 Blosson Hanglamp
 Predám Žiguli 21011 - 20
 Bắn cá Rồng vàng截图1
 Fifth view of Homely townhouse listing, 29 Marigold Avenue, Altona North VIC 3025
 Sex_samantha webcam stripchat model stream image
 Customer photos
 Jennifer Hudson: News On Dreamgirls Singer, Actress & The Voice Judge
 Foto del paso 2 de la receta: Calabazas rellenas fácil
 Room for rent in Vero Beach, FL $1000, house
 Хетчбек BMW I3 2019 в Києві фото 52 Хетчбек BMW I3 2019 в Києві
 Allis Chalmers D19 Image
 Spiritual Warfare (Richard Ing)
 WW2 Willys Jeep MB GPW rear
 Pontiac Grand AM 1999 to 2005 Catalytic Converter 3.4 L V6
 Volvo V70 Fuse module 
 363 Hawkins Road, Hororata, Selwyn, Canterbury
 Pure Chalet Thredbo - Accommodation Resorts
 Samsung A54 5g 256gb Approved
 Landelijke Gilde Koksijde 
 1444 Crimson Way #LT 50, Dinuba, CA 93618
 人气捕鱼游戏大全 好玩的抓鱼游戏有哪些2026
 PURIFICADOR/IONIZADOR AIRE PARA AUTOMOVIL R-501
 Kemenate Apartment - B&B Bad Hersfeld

WHAT IS EXPECTED ::
Reproduce only what lies between the start of the listing above and the end of the line containing "Foto del paso", keeping every line exact.

YOUR SOLUTION ::
 Blosson Hanglamp
 Predám Žiguli 21011 - 20
 Bắn cá Rồng vàng截图1
 Fifth view of Homely townhouse listing, 29 Marigold Avenue, Altona North VIC 3025
 Sex_samantha webcam stripchat model stream image
 Customer photos
 Jennifer Hudson: News On Dreamgirls Singer, Actress & The Voice Judge
 Foto del paso 2 de la receta: Calabazas rellenas fácil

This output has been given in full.